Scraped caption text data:
============================================================

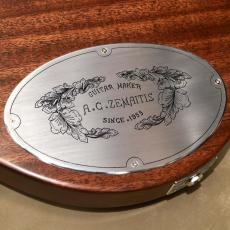 ZEMAITIS MFG-AC-24 Diamond & Z, Natural_9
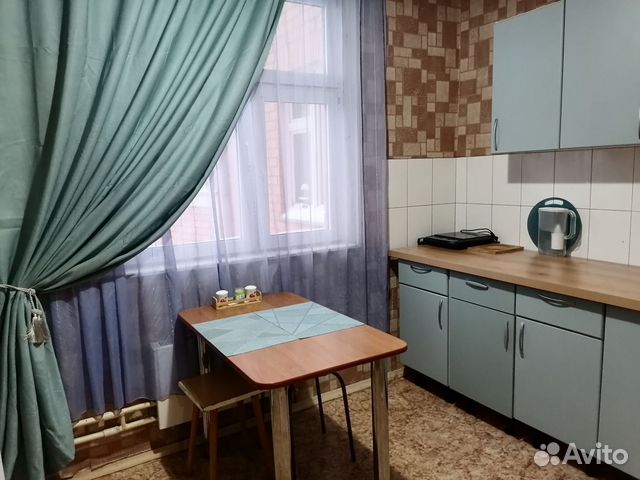 

1-к. квартира, 39 м², 2 кровати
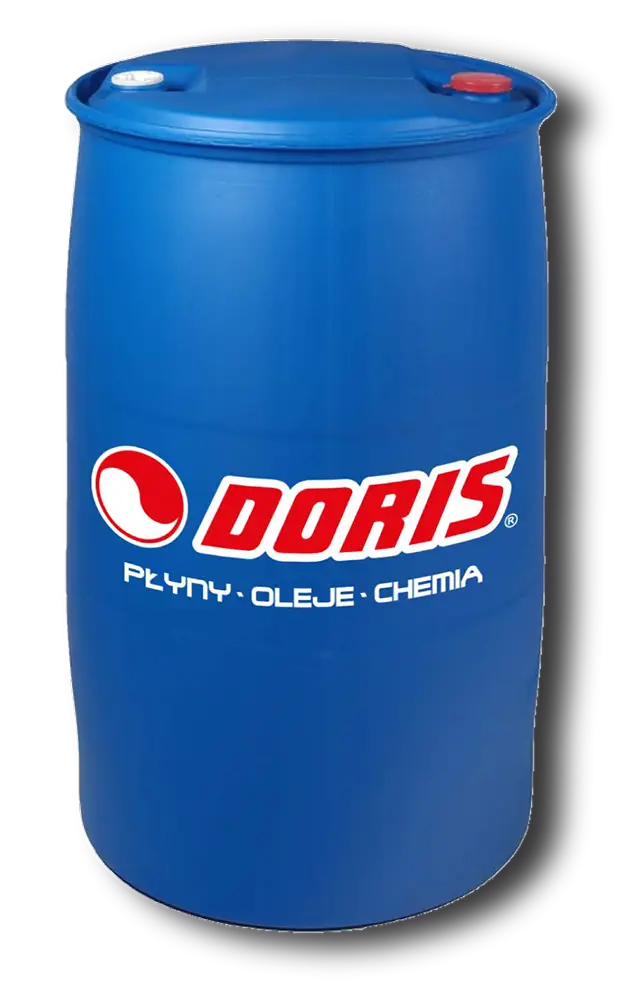 plastikowa beczka 200l doris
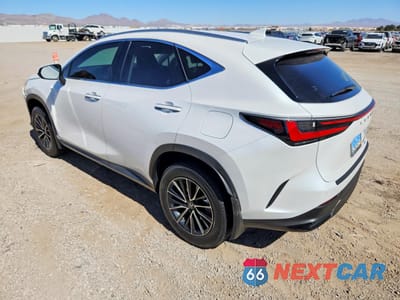 Drugie zdjęcie samochodu z przodu: 2024 LEXUS NX 350H PREMIUM VIN:JTJGKCEZ2R2030228 - miniatura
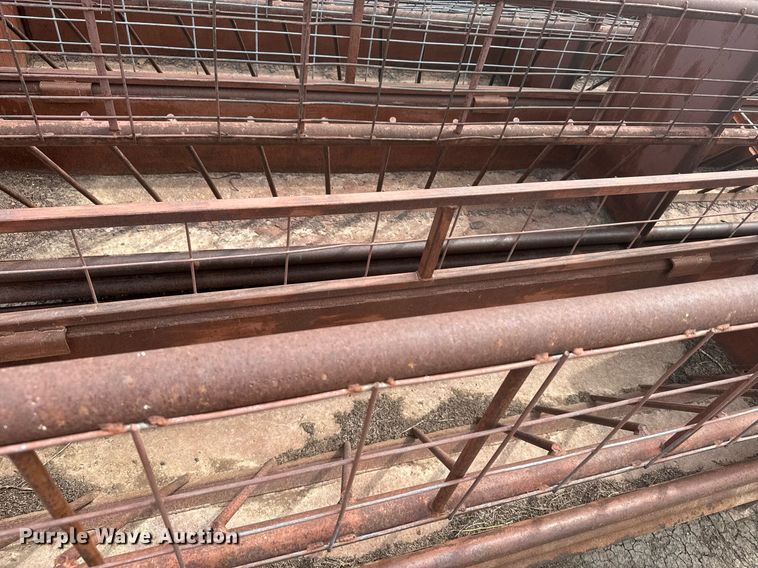 image for item EG6315 (4) livestock feeders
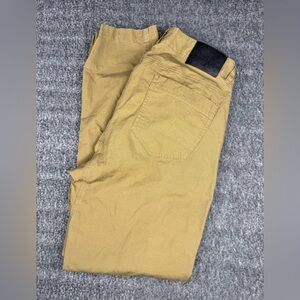 Mens Sitka Tactical Style Brown/Dark Tan Mens Pants Size 35 By 32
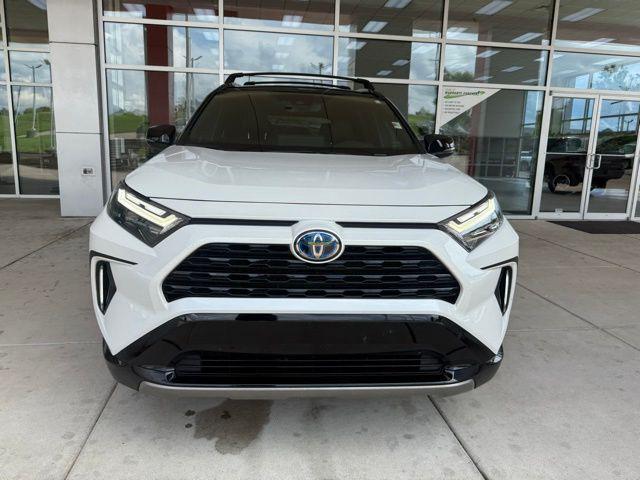 2024 Toyota RAV4 Hybrid XSE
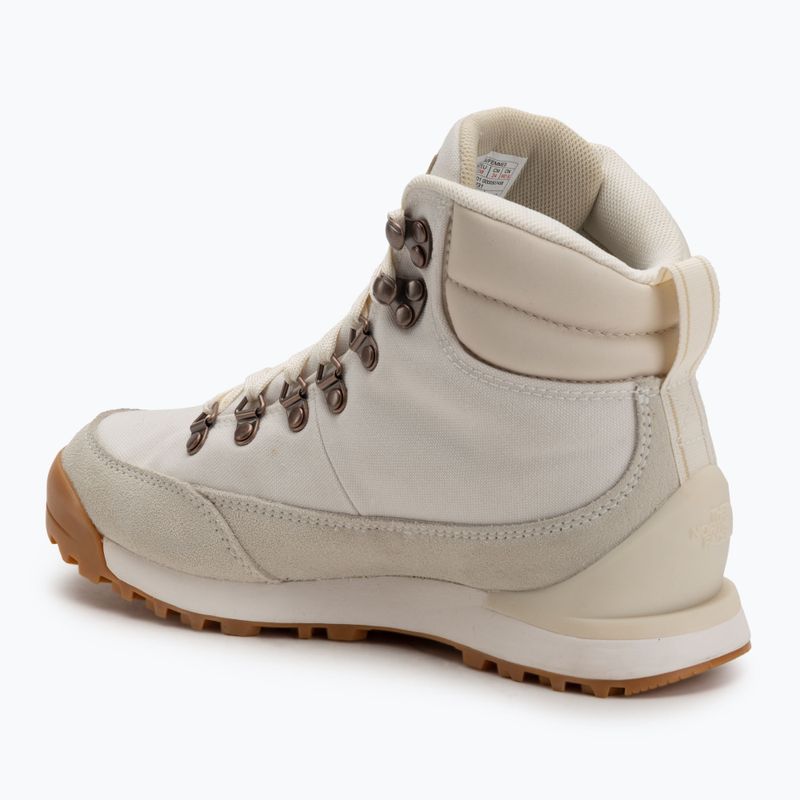 Moteriški batai The North Face Back To Berkeley IV Leather WP white dune/white dune 3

============================================================

=== WORK REQUEST ===
Retype only the lines from the one with "Mens Sitka Tactical" through the final line of the entries, please, and keep the pictures out.

=== ANSWER FOR THE TASK ===
 Mens Sitka Tactical Style Brown/Dark Tan Mens Pants Size 35 By 32
 2024 Toyota RAV4 Hybrid XSE
 Moteriški batai The North Face Back To Berkeley IV Leather WP white dune/white dune 3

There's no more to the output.